What happens here? Let's analyze it step by step.

  • Line 2 - We are setting an application ID. This is a mandatory parameter. It is used as a base for group id for your consumers, internal topics, and a few other things.
  • Line 3 - We are pointing where our Kafka is located.
  • Line 4 - 5 - We are setting default serializers. If you do not override serializers or deserializers in a particular method call, then this default class will be used.
  • Line 7 - Kafka Streams requires the source topic to be created up-front, otherwise you will get an exception. Thus, we are creating a WordsTopic here. To be honest, there is nothing extraordinary about it, so let's skip it.
  • Line 9 - Get a StreamBuilder instance
  • Line 10 - Start creating our first stream! We are pointing where the source of the stream is. In this case, it is a topic called WordsTopic.
  • Line 13 - Map the value of every message in the stream to the number of characters in it.
  • Line 14 - Order Kafka Streams to send the result to the CountsTopic serializing the key as a string and value as an integer.
  • Line 16 - Complete building a stream (topology) for our stream.
  • Line 18 - Print built topology for debugging purposes.
  • Line 20 - 21 - What we did so far is just set some kind of blueprint describing our processing needs, but here we actually run some threads, start fetching, and processing.

After running this code we can try to send some messages to the WordsTopic and see the result.

example-clip

So far so good, as you see, our example works fine. It counts the number of characters and outputs it to the CountsTopic. How does it work exactly? First, we need to define our processing topology, and second, we have to start all the processing threads that execute our topology.

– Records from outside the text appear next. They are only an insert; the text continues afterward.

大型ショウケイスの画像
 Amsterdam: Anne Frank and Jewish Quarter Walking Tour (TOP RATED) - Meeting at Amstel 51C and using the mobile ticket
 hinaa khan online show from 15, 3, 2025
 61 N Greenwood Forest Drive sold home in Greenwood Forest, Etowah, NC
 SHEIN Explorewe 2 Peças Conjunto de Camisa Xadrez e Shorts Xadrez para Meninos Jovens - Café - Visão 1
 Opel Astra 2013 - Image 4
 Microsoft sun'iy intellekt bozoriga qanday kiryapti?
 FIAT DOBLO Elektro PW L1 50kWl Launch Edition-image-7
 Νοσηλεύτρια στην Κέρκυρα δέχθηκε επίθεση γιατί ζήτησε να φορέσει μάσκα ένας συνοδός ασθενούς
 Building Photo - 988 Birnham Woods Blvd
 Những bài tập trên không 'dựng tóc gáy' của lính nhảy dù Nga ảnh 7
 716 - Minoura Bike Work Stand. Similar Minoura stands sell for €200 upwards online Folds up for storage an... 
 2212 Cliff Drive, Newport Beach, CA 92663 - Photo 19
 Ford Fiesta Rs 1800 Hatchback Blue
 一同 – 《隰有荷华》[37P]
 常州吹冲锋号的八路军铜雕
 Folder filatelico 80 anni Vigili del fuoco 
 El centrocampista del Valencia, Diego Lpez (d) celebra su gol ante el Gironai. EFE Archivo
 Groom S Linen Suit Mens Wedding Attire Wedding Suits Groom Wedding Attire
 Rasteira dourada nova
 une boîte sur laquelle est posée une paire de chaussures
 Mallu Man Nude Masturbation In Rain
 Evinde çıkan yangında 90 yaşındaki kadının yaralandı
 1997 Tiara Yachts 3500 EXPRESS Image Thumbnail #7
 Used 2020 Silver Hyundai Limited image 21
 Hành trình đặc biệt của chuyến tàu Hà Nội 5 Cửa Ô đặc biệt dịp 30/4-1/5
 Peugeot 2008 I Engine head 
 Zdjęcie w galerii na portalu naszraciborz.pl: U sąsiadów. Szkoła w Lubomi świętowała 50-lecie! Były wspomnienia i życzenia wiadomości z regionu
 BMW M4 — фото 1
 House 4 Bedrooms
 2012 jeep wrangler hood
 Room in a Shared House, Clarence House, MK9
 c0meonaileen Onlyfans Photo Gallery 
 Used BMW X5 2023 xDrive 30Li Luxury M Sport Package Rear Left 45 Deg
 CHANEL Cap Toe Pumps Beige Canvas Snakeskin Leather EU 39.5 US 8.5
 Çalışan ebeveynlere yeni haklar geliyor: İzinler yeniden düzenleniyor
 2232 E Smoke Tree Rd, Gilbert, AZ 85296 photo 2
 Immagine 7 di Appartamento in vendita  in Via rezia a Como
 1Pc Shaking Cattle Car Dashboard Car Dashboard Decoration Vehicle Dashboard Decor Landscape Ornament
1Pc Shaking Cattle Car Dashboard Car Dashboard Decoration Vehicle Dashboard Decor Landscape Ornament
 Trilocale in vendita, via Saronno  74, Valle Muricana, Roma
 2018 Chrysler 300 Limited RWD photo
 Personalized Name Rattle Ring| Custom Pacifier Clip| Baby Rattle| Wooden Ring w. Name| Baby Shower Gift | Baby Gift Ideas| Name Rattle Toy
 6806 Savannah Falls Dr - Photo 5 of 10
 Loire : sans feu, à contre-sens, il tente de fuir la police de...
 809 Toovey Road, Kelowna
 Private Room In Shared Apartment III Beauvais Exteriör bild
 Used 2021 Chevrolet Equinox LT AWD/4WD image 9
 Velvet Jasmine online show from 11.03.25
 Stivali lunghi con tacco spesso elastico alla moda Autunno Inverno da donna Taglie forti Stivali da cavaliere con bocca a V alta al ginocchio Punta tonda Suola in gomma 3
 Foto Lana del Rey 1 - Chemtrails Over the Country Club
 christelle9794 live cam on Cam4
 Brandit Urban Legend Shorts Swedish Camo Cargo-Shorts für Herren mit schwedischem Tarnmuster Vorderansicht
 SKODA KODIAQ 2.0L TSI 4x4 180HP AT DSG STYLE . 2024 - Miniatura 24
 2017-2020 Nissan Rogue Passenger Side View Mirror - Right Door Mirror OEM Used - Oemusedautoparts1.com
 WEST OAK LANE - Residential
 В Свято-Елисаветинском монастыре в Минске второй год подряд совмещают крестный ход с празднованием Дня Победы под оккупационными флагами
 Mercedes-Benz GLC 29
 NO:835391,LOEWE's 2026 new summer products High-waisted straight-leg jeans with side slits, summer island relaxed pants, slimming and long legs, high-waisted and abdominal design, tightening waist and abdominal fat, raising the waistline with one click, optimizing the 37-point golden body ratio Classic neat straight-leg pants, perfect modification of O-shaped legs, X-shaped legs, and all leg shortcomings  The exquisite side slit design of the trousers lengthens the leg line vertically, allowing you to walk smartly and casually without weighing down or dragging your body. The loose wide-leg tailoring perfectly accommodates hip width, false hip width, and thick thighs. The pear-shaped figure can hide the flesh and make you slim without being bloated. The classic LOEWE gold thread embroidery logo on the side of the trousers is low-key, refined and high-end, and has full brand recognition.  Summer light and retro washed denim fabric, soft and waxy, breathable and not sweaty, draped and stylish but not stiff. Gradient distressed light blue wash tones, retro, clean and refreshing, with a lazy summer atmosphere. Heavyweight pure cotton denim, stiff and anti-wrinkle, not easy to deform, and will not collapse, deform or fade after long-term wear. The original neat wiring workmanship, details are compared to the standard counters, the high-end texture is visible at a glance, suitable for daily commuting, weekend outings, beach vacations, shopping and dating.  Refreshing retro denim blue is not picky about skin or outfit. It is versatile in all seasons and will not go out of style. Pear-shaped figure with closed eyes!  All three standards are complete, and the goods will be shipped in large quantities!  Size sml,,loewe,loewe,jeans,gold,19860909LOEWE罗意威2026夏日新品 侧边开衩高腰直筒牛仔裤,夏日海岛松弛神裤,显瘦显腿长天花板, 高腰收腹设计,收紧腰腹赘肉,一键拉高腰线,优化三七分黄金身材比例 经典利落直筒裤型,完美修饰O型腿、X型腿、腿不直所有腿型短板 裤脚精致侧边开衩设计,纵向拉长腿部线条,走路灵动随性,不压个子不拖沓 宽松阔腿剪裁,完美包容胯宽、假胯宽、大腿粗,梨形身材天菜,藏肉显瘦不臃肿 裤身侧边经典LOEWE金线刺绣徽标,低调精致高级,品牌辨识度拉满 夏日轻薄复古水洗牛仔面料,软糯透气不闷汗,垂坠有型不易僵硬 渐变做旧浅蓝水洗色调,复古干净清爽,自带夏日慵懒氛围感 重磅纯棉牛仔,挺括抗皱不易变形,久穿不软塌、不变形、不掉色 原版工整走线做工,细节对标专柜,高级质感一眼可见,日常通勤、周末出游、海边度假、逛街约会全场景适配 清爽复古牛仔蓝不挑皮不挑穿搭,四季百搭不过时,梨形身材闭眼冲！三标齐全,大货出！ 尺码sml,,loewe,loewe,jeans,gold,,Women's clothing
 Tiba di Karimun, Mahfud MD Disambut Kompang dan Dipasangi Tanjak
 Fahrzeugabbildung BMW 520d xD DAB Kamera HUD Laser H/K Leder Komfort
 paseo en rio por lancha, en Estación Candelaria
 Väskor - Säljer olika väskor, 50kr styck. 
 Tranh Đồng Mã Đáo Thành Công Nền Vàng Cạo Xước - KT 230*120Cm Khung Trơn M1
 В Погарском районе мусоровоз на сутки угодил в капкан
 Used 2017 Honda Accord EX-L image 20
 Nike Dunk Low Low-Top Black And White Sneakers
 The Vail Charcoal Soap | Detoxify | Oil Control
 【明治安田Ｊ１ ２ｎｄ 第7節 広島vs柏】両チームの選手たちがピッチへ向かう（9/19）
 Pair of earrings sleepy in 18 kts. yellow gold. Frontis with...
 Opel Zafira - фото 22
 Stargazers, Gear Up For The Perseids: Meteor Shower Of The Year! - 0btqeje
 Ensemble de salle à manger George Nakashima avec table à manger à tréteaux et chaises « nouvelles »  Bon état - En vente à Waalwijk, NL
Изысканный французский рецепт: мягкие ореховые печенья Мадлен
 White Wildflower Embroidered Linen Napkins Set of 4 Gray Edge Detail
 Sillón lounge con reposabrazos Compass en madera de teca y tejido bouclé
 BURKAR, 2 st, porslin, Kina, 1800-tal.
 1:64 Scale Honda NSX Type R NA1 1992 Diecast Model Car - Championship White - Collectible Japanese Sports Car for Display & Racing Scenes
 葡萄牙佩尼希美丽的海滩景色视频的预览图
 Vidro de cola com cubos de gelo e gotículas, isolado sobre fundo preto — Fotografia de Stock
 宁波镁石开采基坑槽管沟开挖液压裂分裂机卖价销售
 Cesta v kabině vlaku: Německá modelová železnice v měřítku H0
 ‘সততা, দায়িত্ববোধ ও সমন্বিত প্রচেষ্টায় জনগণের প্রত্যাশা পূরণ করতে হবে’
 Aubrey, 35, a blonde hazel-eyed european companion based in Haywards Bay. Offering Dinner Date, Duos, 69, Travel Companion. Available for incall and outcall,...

Starting with the topology, in our example, we used API called Kafka Streams DSL to define the structure of our processing.

Kafka Streams DSL

All your processing is defined as a graph. The nodes are called stream processors, and every stream processor can accept input records from the upstream, apply processing to them and send the result downstream.

Obviously, there has to be some kind of start and end of the stream. Those nodes are called source processor and sink processor. We have both of them in the sample app, and one is subscribed to the WordsTopic and the second one publishes records to CountsTopic.

Knowing that, let's revisit the definition of our topology.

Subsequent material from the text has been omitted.